Thursday, May 12, 2016

2016 Transit of Mercury

Mercury's Transit in Progress: Mercury is the tiny dot at the lower-left. Smudge near the center is a group of sunspots. Photo by James Guilford.

I've been quite remiss in keeping up this online journal. No excuses; I have simply neglected the work! This week, however, we were treated to a fairly rare space event though the weather interfered a bit!
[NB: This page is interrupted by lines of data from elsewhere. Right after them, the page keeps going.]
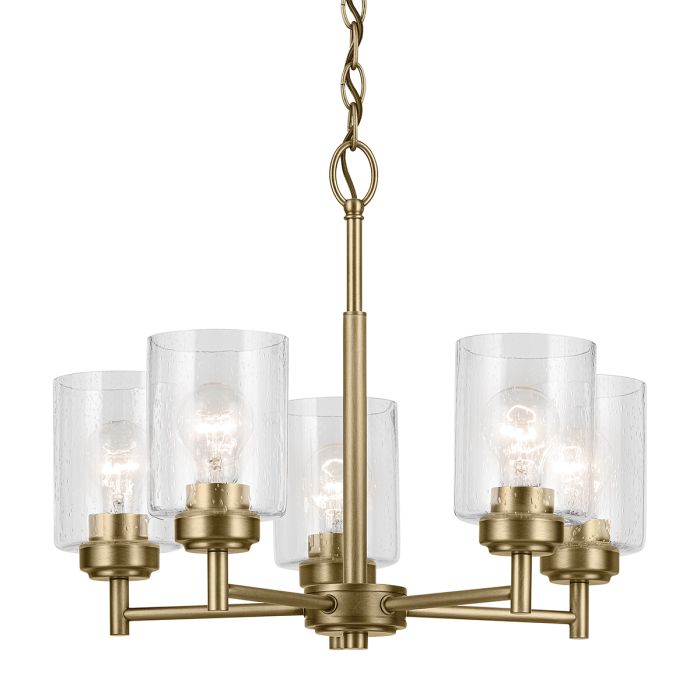 Kichler Winslow 5-Light Natural Brass Clear Seeded Glass Chandelier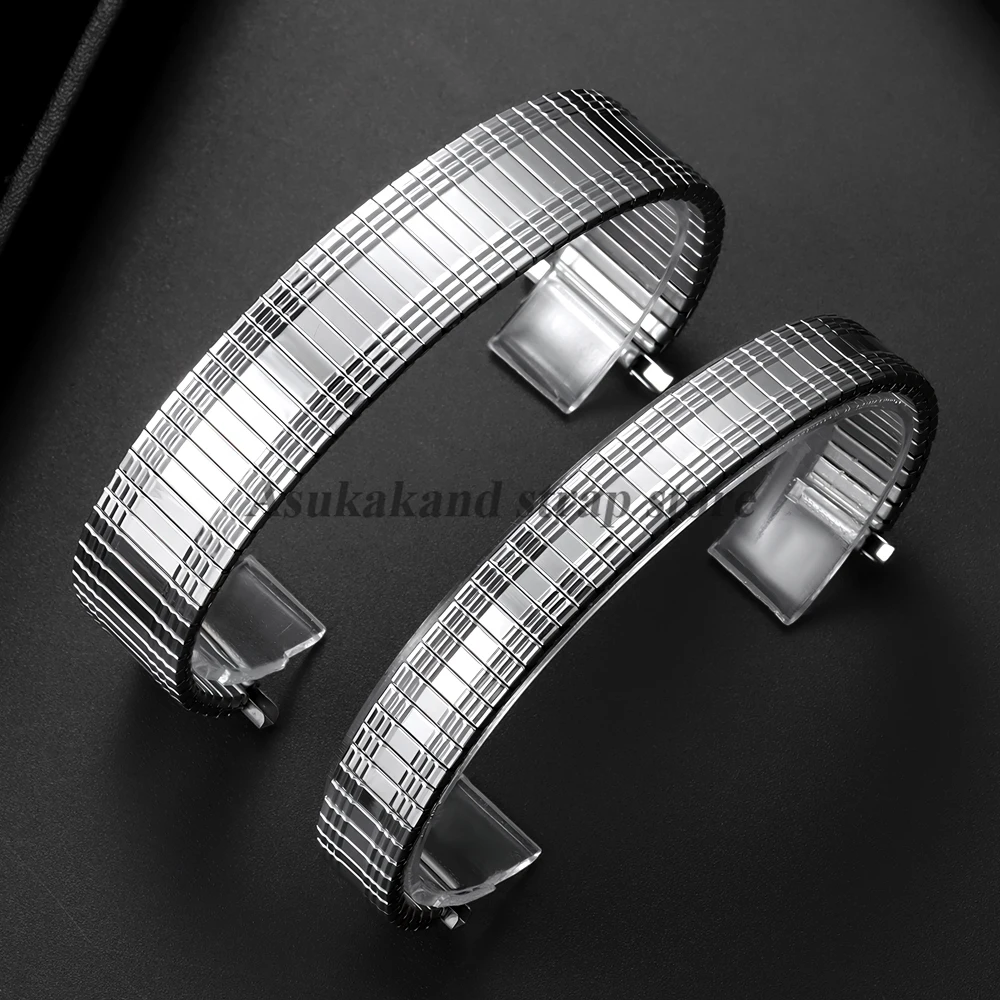 جديد الفولاذ المقاوم للصدأ مطاطا حزام (استيك) ساعة الفضة العالمي 10-14 مللي متر 16-23 مللي متر النساء الرجال المعادن التوسع حزام ساعة اليد قابل للتعديل الفرقة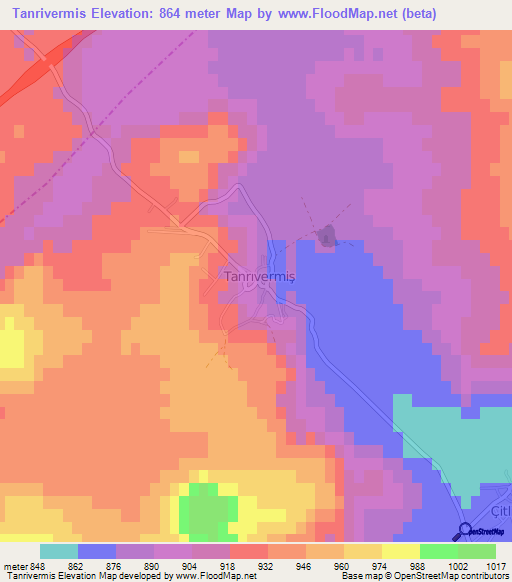 Tanrivermis,Turkey Elevation Map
May 9: Our Solar System doesn't care about our local weather. When something rare and interesting like today's transit of Mercury across the solar disk takes place, it happens and there are no "rain checks." And so it was this morning when the day dawned clear to partly-cloudy allowing us to glimpse the beginning of Mercury's trek only to have the show stopped by rapidly encroaching clouds progressing to solid overcast!

Transit of Mercury: Mother Earth's atmospherics begin to block the view! Photo by James Guilford.
At the predicted hour Mercury appeared as a tiny dot, silhouetted in the lower left-hand quadrant of the Sun's bright disk. Using protective filters, observers on the ground watched as the small dot slowly moved inward from Sol's limb. I used my trusty Canon DSLR camera paired with a 400mm telephoto lens to see and record Mercury's trek. During my brief photography session I occasionally used a 2X telephoto converter with the 400mm and swapped between an "orange" glass solar filter and a white light solar film filter.

NASA's GOES East spacecraft shows how much of the U.S. was blocked from seeing the 2016 Transit of Mercury.
Here in Northern Ohio, transit watchers were treated to the beginning of the show and could have seen its entirety but for the clouds; the transit started after dawn and ended in the afternoon. Much of the nation missed out entirely, however, with cloud cover already in place at dawn!

NASA's Solar Dynamics Observatory, a spacecraft, is unaffected by Earth's pesky atmospherics and its technology produces some very dramatic images. One of my favorites shows Mercury about to cross between the satellite (us) and the Sun's glowing photosphere; the planet has the active solar atmosphere as backdrop. Planet Mercury is 3,030 miles in diameter, not much bigger than Earth's Moon, and looked every bit as tiny as it is compared with our nearest star!

The View from Space. Credit: Data courtesy of NASA/SDO, HMI, and AIA science teams.

The transit of Mercury took place over several hours. For us in Northern Ohio, the transit began at about 7:12 AM Eastern Daylight Time with the Sun barely up. Midpoint of Mercury’s passage was at 10:57 AM, and the transit ended at 2:42 PM.

The orbits of the inner planets are tilted with respect to each other making difficult the perfect alignment needed for a transit.
Because of the orbital inclinations of the inner planets, the alignment needed to produce a transit of Mercury happens only about 13 times per century making even a glimpse of the event something special. After today's, the next transits of Mercury will take place in November 2019, November 2032, and November 2049.


At least we won't have to wait for so long as we must for the next transit of Venus -- that happens in December 2117.